The problem
The stretch wanted below opens at the line containing "Pineapple Pastry Smooth" and closes at the line containing "Wicked Queen Costume- Adult Size 8/10". Please return it exactly, with no other lines.

Data excerpts

^^^^^^^^

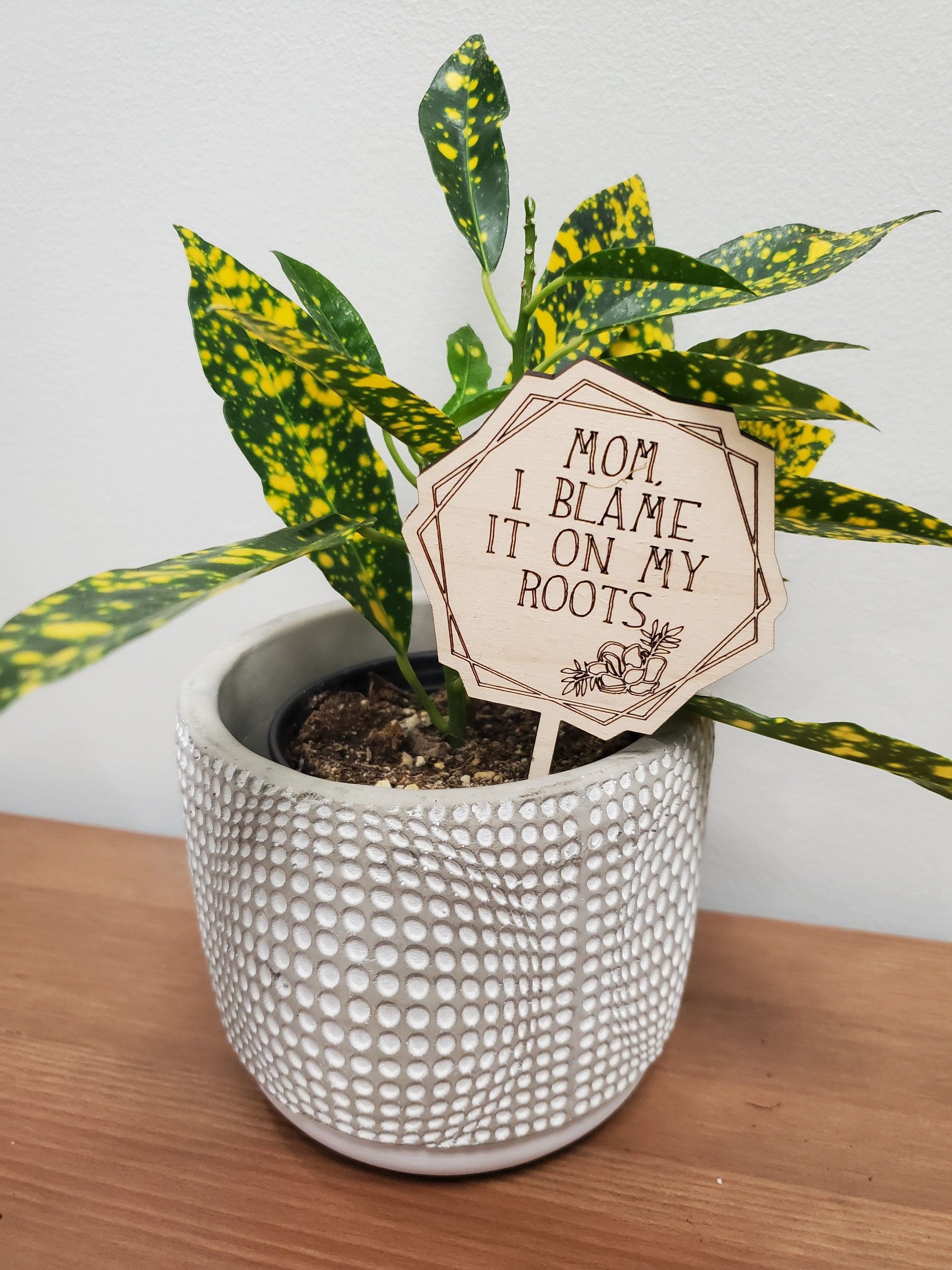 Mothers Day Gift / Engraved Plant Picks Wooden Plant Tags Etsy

^^^^^^^^

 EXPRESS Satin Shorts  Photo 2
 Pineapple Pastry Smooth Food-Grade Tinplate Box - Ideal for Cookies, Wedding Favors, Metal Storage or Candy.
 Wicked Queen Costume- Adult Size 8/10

^^^^^^^^

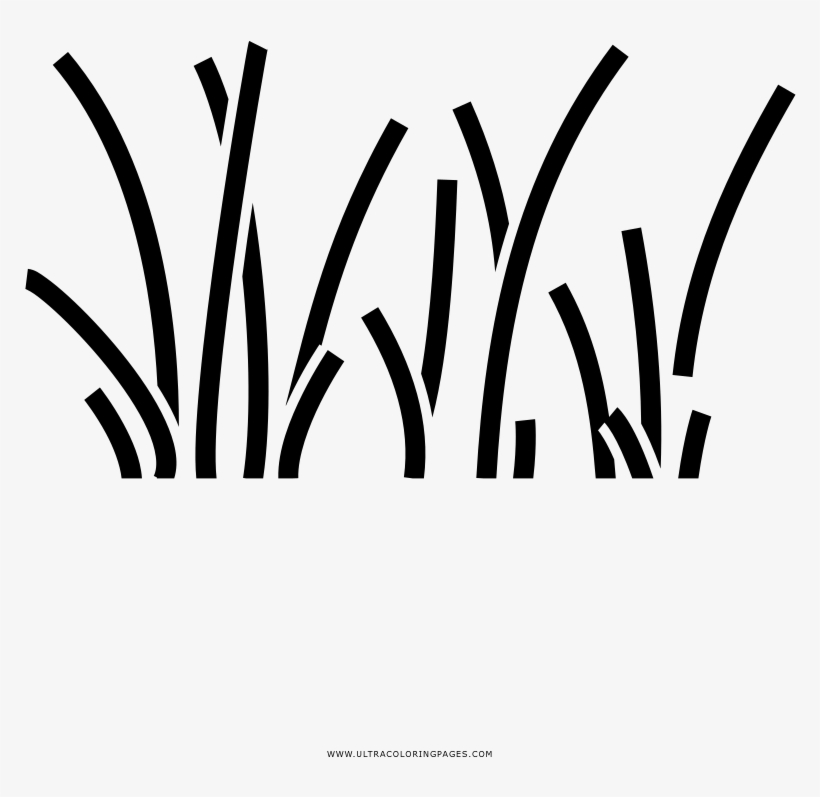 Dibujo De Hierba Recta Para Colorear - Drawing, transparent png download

^^^^^^^^

Solved exercise
 Pineapple Pastry Smooth Food-Grade Tinplate Box - Ideal for Cookies, Wedding Favors, Metal Storage or Candy.
 Wicked Queen Costume- Adult Size 8/10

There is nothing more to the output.